Range to repeat from the listing below: the line containing "Youth Boston Red" down to the line containing "Ninja Ninja FlexFlame", both included. Copy it exactly, pictures excluded, and add nothing else.

Top of Data records

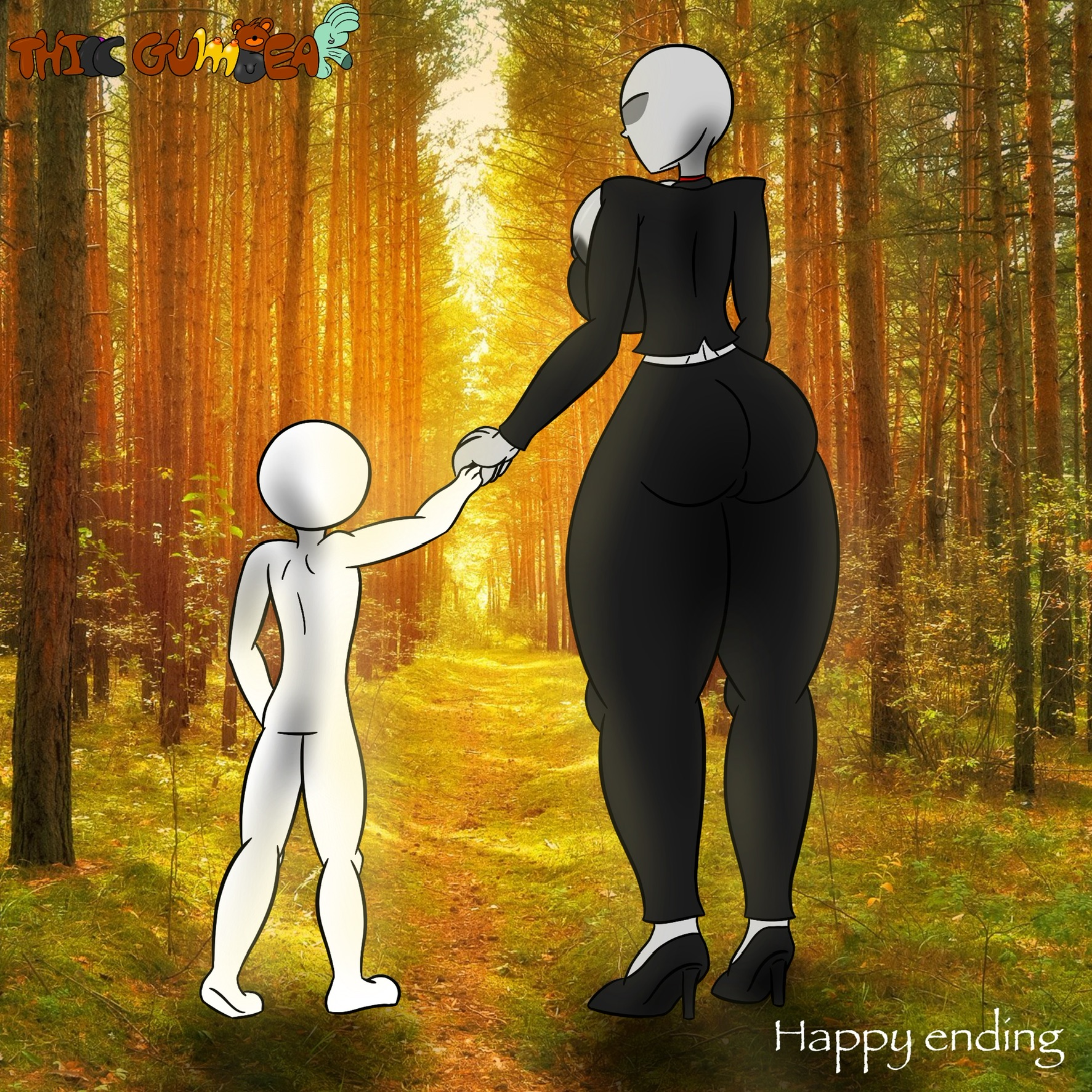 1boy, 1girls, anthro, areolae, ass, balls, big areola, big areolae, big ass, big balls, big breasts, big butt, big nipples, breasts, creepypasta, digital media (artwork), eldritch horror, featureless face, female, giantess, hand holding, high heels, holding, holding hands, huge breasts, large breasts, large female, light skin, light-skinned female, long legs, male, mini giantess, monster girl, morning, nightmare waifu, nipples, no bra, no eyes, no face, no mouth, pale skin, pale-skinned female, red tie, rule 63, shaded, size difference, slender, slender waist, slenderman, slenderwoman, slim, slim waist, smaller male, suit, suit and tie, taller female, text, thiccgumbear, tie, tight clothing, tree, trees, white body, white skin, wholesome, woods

Bottom of Data records
Top of Data records

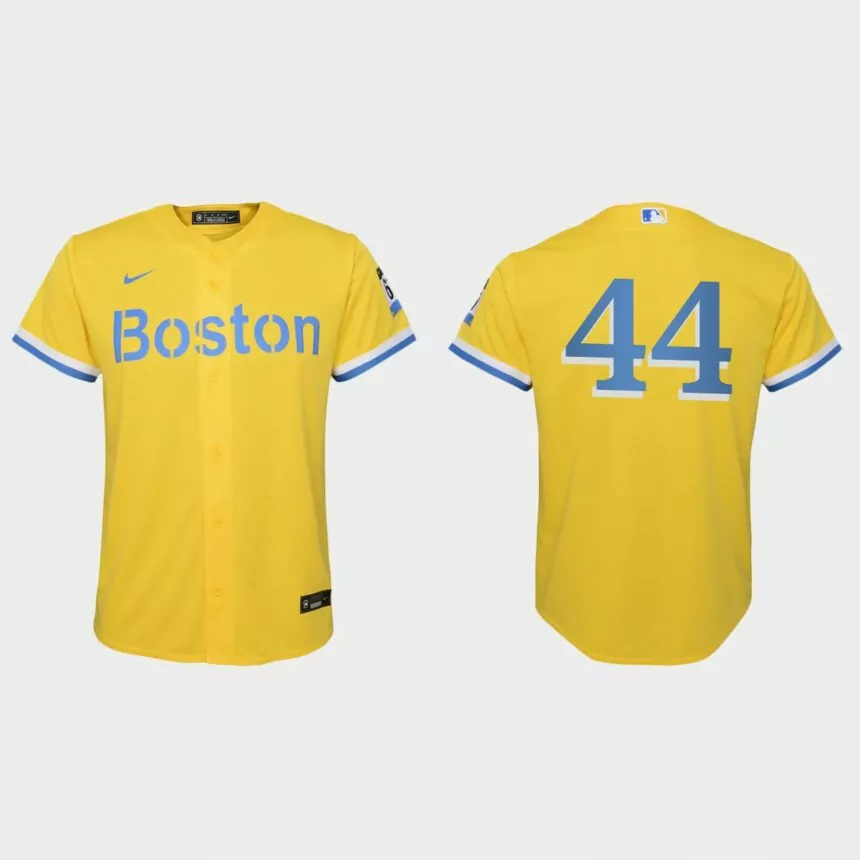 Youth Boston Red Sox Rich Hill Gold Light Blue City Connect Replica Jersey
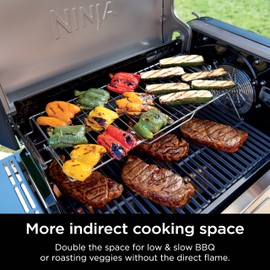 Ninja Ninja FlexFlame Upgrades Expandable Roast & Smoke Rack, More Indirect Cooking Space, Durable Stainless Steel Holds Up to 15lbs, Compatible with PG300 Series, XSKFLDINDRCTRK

Bottom of Data records

#### [Response]
 Youth Boston Red Sox Rich Hill Gold Light Blue City Connect Replica Jersey
 Ninja Ninja FlexFlame Upgrades Expandable Roast & Smoke Rack, More Indirect Cooking Space, Durable Stainless Steel Holds Up to 15lbs, Compatible with PG300 Series, XSKFLDINDRCTRK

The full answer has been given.